It's never been enough to just open a new luxury hotel; you need to offer the latest and greatest to show why your establishment belongs at the top of society. This was especially true in the early 20th century, when excess was the norm and power was brokered in smoky, ornate back-rooms. How did five iconic hotels angle to cement their reputations among the crème de la crème of New York's elite? Let's have a look.
St. Regis, 1904
Of all of the creature comforts offered by the St. Regis, then the most expensive hotel in New York history, perhaps the most impressive was the $300,000 ventilation system. For the first time, air could circulate internally instead of through opened windows and doors. This purity offered protection from "the viewless jungles of which crouches the omnipresent microbe" (and the cigarette smoke from the smoking room). Chief Engineer J.C. Jurgensen and his assistant kept tabs on the building's lungs, which cost the hotel $1,250 (around $32,000 today) to remove a barrel of dust from the air each day. This was justified by the nightly $125 fee paid by the hotel's guests. And even though the filtration room was located 60 feet below Fifth Avenue, it still had marble stairs.
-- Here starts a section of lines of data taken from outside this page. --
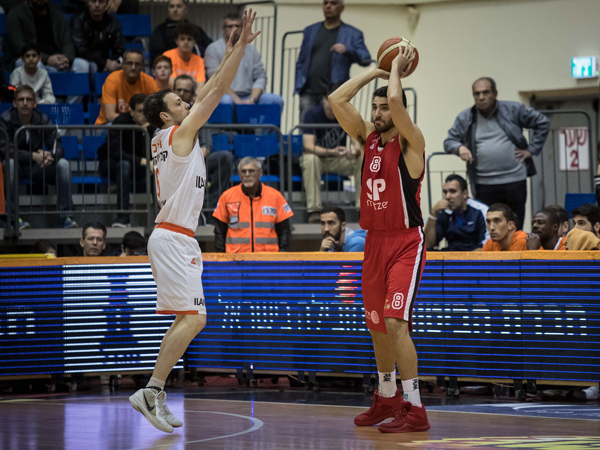 מנקו מול בן שימול. משחק צמוד בבית מכבי (מנהלת)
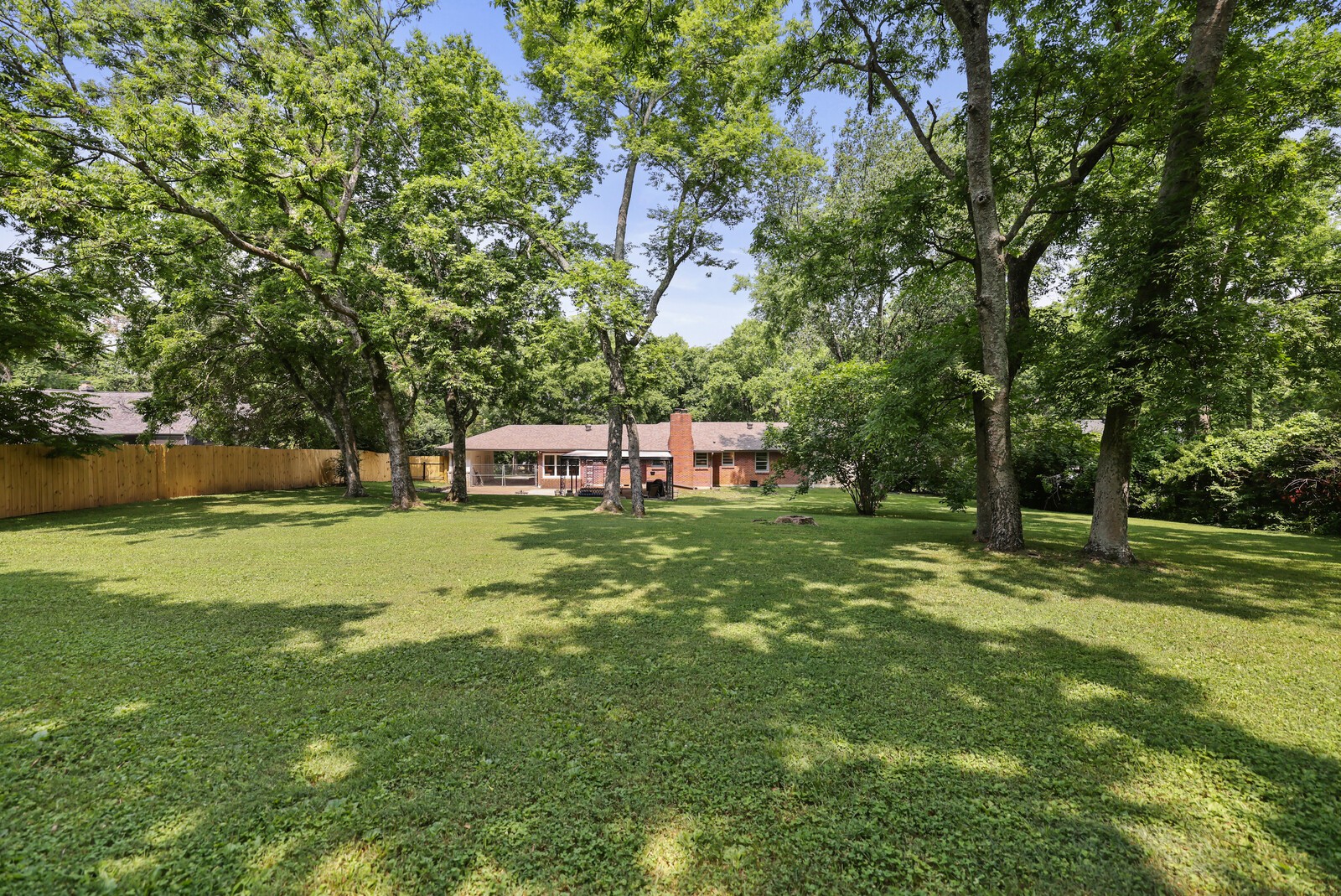 737 Howse Ave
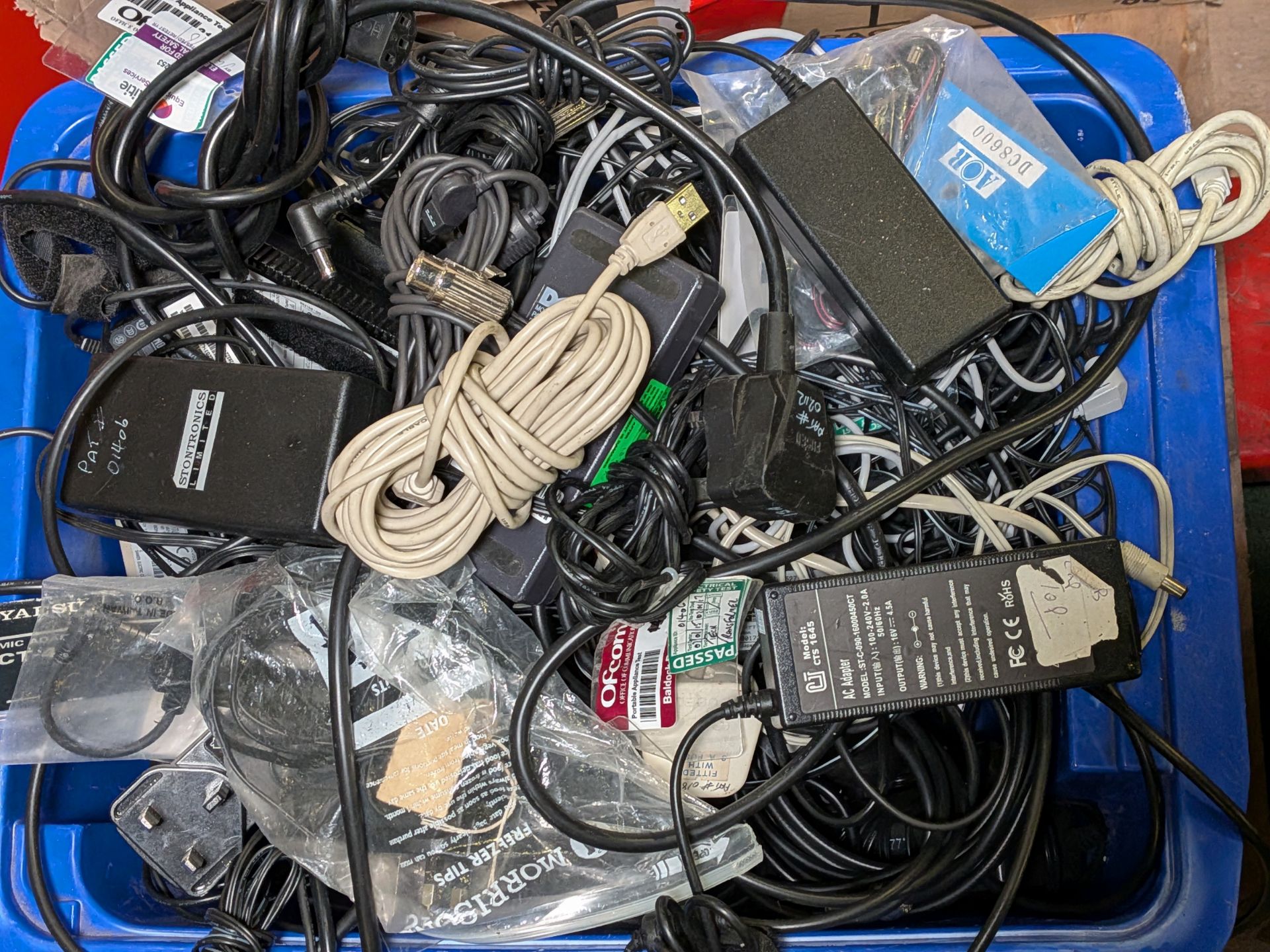 Workshop equipment - equipment bags, power supplies, cables, wiring looms and more - Image 11 of 18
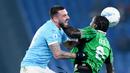 Lazio berhasil mengamankan tiga poin penting secara dramatis saat menjamu Sassuolo dalam lanjutan kompetisi Serie A di Stadio Olimpico. Skuad Biancocelesti menang tipis 2-1 berkat gol penentu di masa injury time. (Alfredo Falcone/LaPresse via AP)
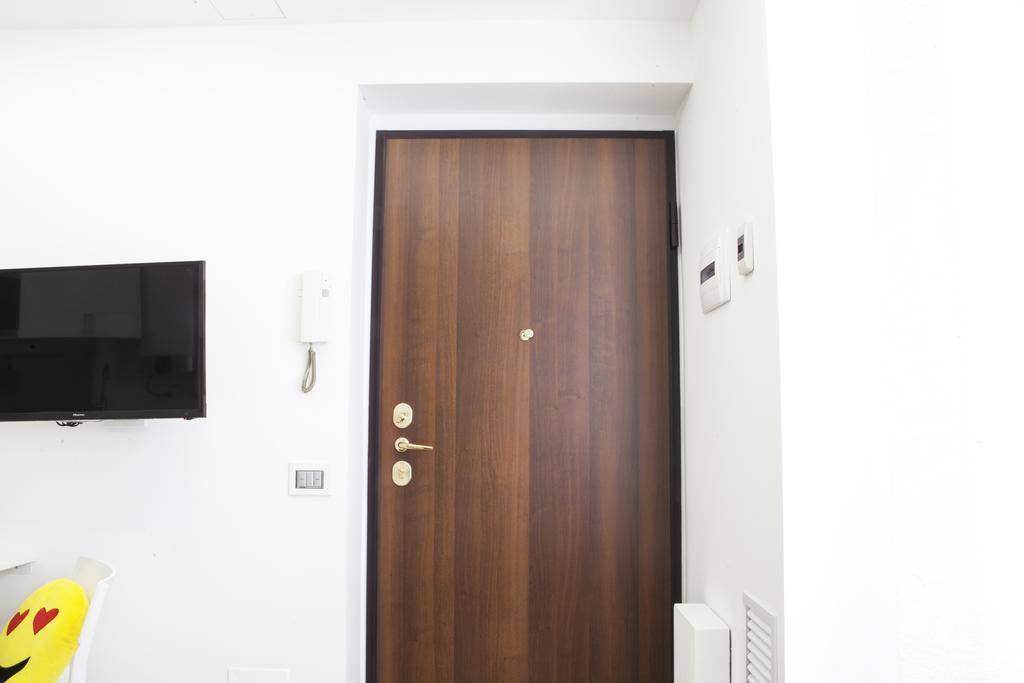 Alessia's Flat - Sarpi Apartment *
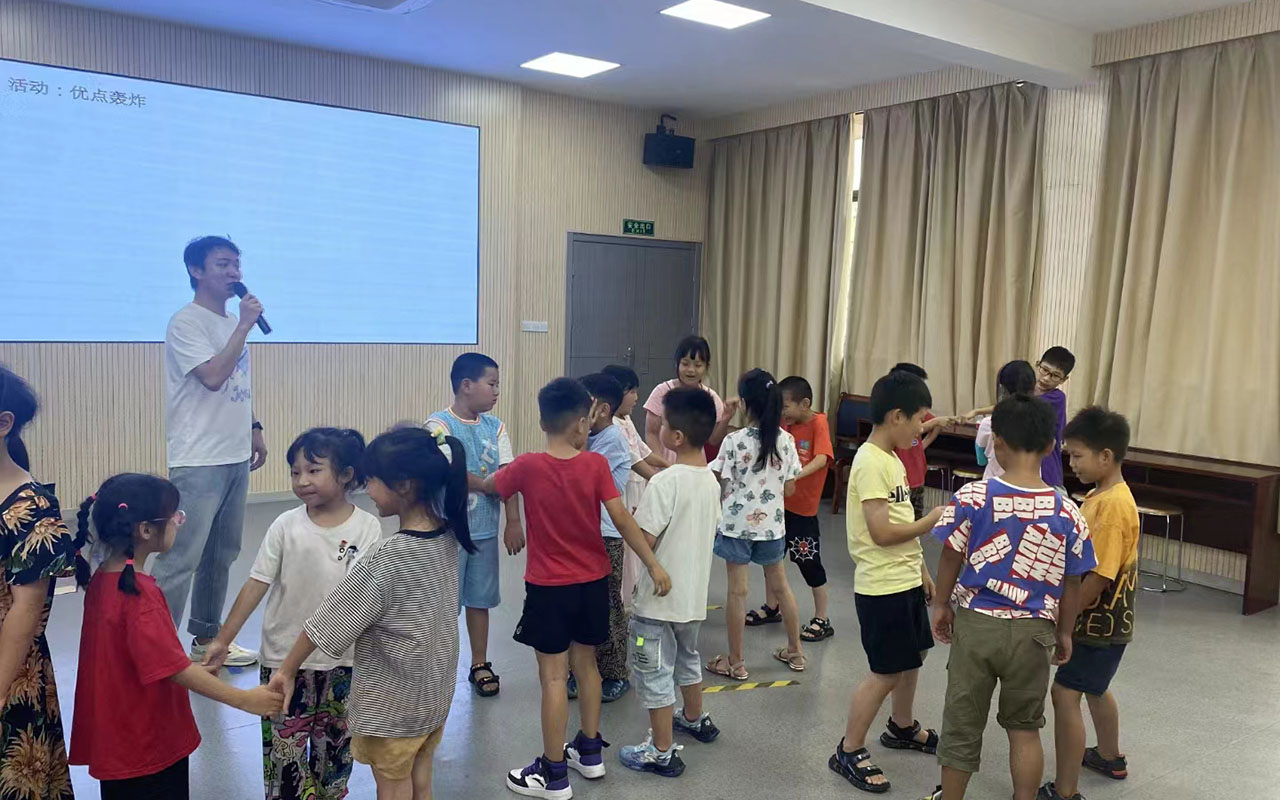 清流龙观乡中心学校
Now that's luxury!
The Plaza Hotel, 1907
Guests the Plaza's opening gala on October 1, 1907 got a special ride home: they were the first in New York to use motorized cabs. These taxis, 50 in number, marked the opening replacements for horse-drawn carriages. The red-and-green Darracq automobiles had 16-horsepower, 4-cylinder engines. The hacks were "in uniform not unlike that of the West Point cadet, a gray blue, trimmed with black braid." The initial fare was 30 cents for the first half-mile, 10 cents for each quarter-mile thereafter, and 10 cents for each six minutes of waiting. The well-to-do on this foray didn't have to reach into their deep pockets, though: the rides on this evening were complimentary.
Hotel Pennsylvania, 1919
With 2,200 rooms, the Hotel Pennsylvania was the largest hotel in the world when it opened on January 25, 1919. The exterior of its first four floors was designed to complement the now-demolished Penn Station across the street. The Statler Hotel company, which built and managed the property, was known for gimmicky draws. Here, guests could take advantage of a device called a servidor, a box on each room's door. Visitors could insert clothes or shoes from inside the room, which would be "noiselessly extracted by an attendant from the outside and returned pressed and shined"; clerks could drop off room-service items or newspapers without disturbing the guest. Think of it like a two-way mail slot.
Hotel Beacon, 1928
When the Hotel Beacon opened in 1928the theatre below would raise its curtain the following year, after the Wall Street crashit was home to the brightest manmade object in the world. Atop the 24-story hotel was an airplane beacon visible from at least 70 and as far as 400 miles away (contemporary sources vary wildly in their estimates). Its light was the equivalent of 1.2 billion candles. To christen the building, the Army Reserve Air Corps flew a plane directly over the light, with the pilot giving the dedicatory address. The plane had taken off from Roosevelt Field on Long Island, which became famous in 1927 as the starting point for Charles Lindbergh's solo transatlantic flight. Clarence D. Chamberlin, the second man to fly across the Atlantic, did the honors and flipped the switch to illuminate the beacon.
The Pierre Hotel, 1930
In spite of the Depression, the Pierre spared no expense in luring 85-year-old Frenche chef Auguste Escoffier across the Atlantic to celebrate the hotel's opening. Escoffier was charged with overseeing the hotel's gala opening dinner, which hosted a who's who of business titans and socialites. He also helped develop the hotel's menu, aiming to slow the frantic pace of American eating. But the legendary Frenchman had a challenge: Prohibition. "Ah, but the wines and the liqueurs," he said, "they are gone, and a meal is nothing without them. The greatest chef is helpless without their aid. It is too bad." Then he sailed home, never to return to New York.